> WORK TO COMPLETE
Transcribe the stretch of entries below from the line with "Stainless steel wine" through the line with "um quarto com", exactly and with both ends included; leave out all other lines.

> DATA SHOWN
_ _ _ _ _ _ _

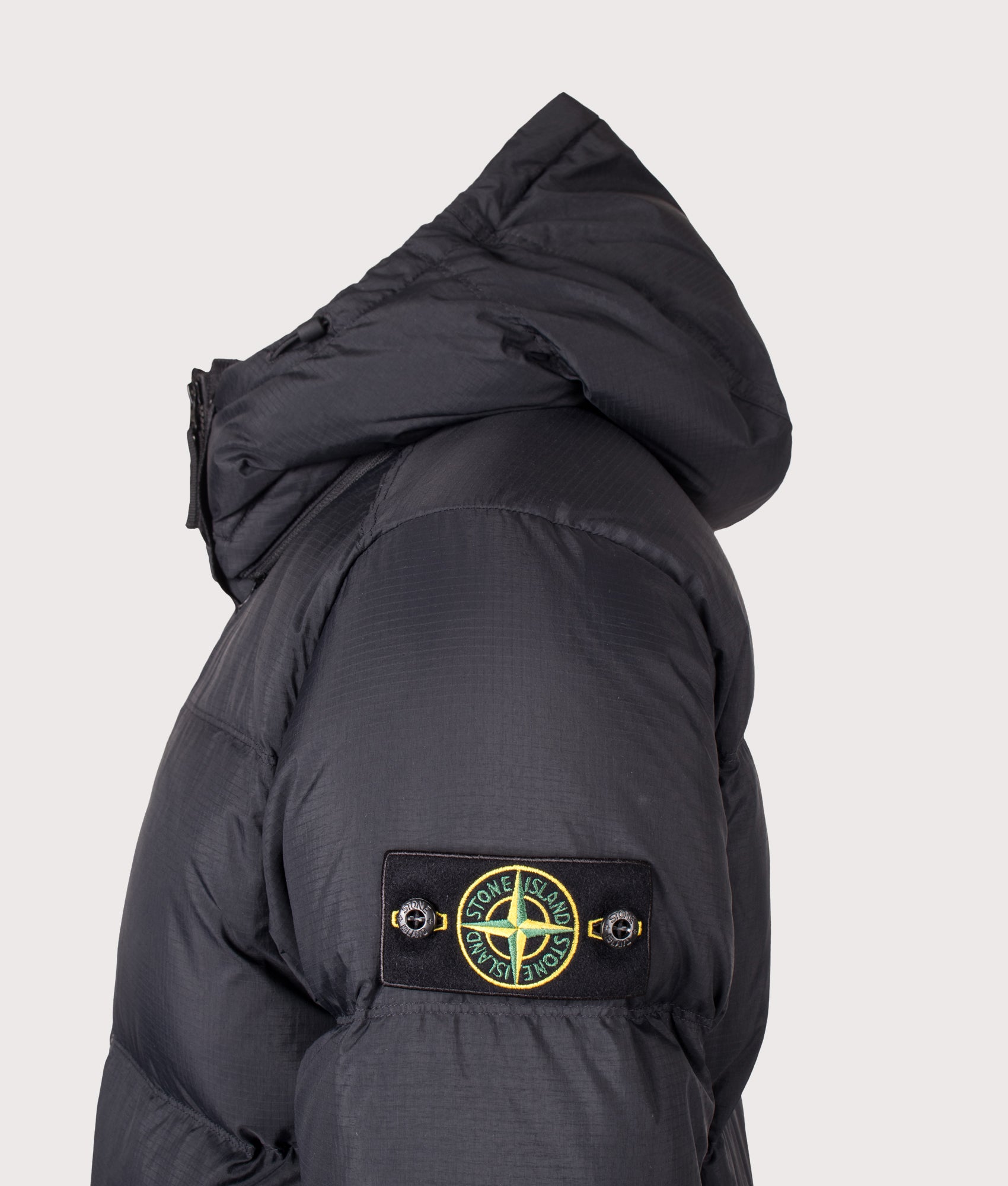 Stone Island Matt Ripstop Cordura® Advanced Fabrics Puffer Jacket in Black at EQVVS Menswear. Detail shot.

_ _ _ _ _ _ _

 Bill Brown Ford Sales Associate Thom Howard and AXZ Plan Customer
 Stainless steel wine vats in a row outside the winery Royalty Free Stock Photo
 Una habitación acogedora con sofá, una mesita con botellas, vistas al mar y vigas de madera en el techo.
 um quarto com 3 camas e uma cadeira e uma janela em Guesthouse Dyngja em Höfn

_ _ _ _ _ _ _

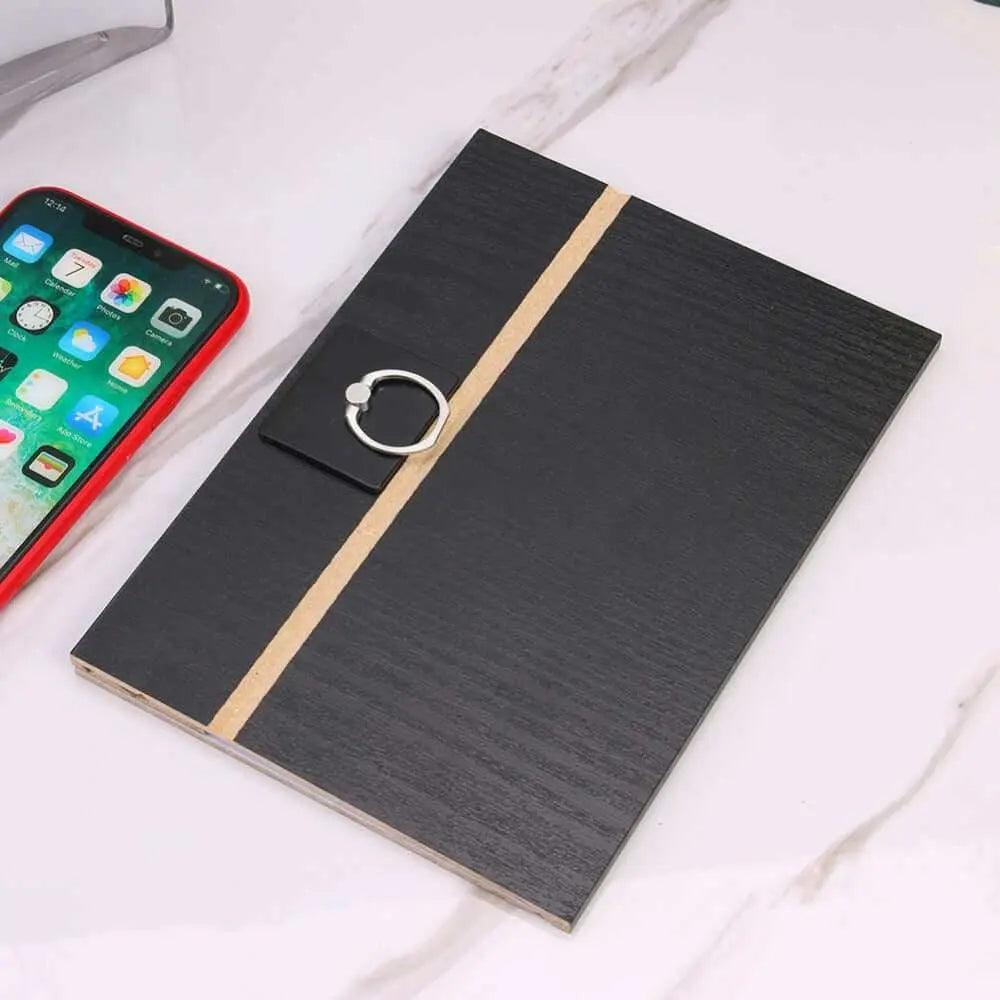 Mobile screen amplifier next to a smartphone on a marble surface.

_ _ _ _ _ _ _

> ANSWER AREA
 Stainless steel wine vats in a row outside the winery Royalty Free Stock Photo
 Una habitación acogedora con sofá, una mesita con botellas, vistas al mar y vigas de madera en el techo.
 um quarto com 3 camas e uma cadeira e uma janela em Guesthouse Dyngja em Höfn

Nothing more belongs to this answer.